On 9/21/22 1:44 PM, Jonathon Jongsma wrote:
> On 9/19/22 8:48 AM, Peter Krempa wrote:
>> On Wed, Aug 31, 2022 at 13:40:45 -0500, Jonathon Jongsma wrote:
>>> After a bit of a lengthy delay, this is the second version of this patch
>>> series. See https://bugzilla.redhat.com/show_bug.cgi?id=2016527 for more
>>> information about the goal, but the summary is that RHEL does not
>>> want to ship
>>> the qemu storage plugins for curl and ssh. Handling them outside of
>>> the qemu
>>> process provides several advantages such as reduced attack surface and
>>> stability.
>>
>> IMO it's also worthy noting that it increases complexity of the setup
>> and potentially also resource usage.
>>
>>> A quick summary of the code:
>>
>> [...]
>>
>>> Open questions
>>> - selinux: I need some help from people more familiar with selinux
>>> to figure
>>> out what is needed here. When selinux is enforcing, I get a
>>> failure to
>>> launch nbdkit to serve the disks. I suspect we need a new context
>>> and policy
>>> for /usr/sbin/nbdkit that allows it to transition to the
>>> appropriate selinux
>>> context.
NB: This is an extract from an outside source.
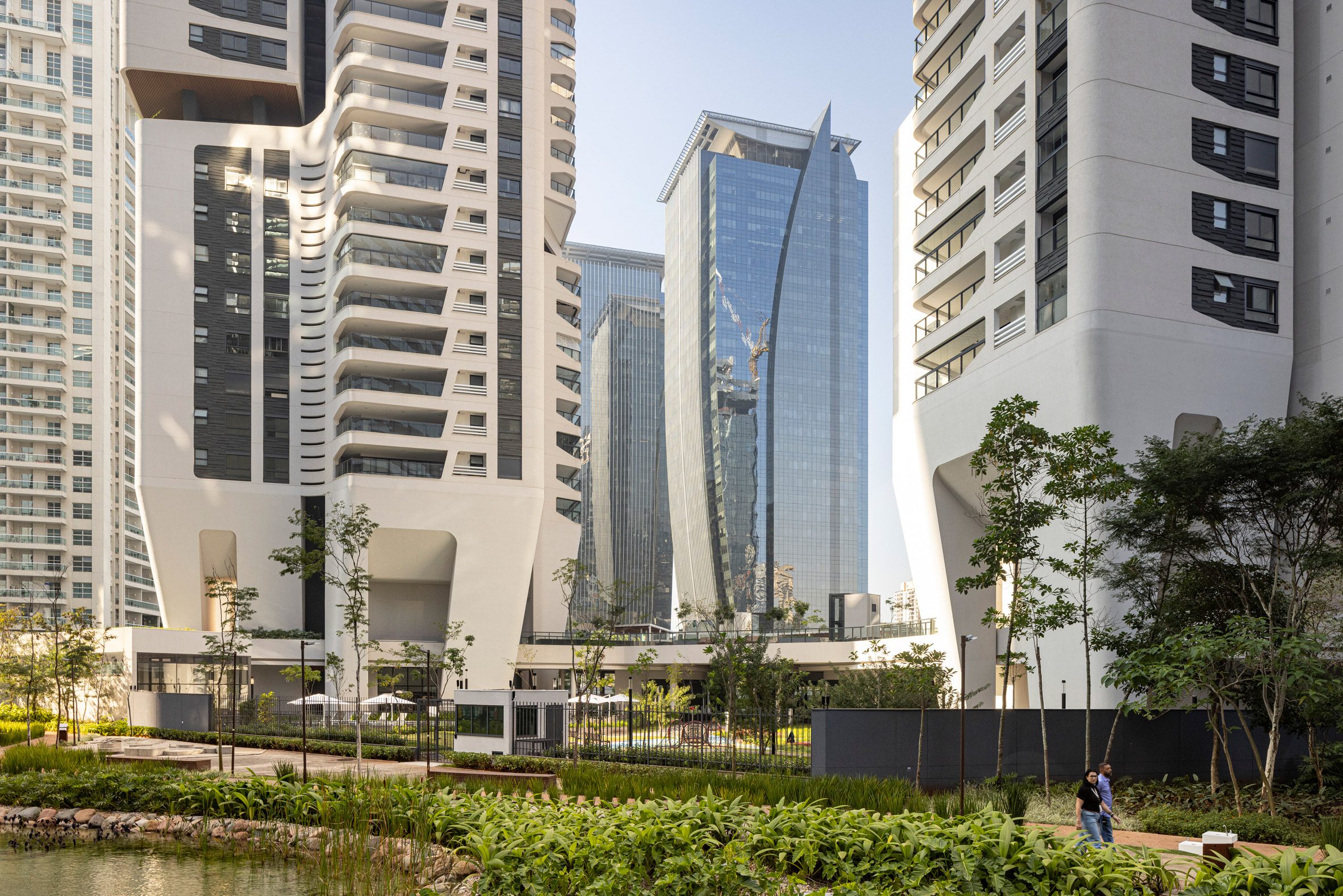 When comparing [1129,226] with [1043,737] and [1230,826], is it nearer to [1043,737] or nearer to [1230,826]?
[1043,737]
The current context (on fedora) is
>>> "system_u:object_r:bin_t:s0".
>>> When I (temporarily) change the context to something like
>>> qemu_exec_t,
>>> I am able to start nbdkit and the domain launches.
>>
>> Is the problem with starting the 'nbdkit' process itself or with the
>> socket?
>
> The problem seems to be with the nbdkit process itself. Because I use
> qemuSecurityCommandRun() to launch nbdkit, it sets the security label
> for the nbkit process to be the security label for the domain and then
> attempts to launch it. Presumably there is no rule allowing the binaries
> with the bin_t context to transition to the label for the domain. But as
> I said, my selinux knowledge is quite shallow, so I may need some help
> figuring out the proper way to do this.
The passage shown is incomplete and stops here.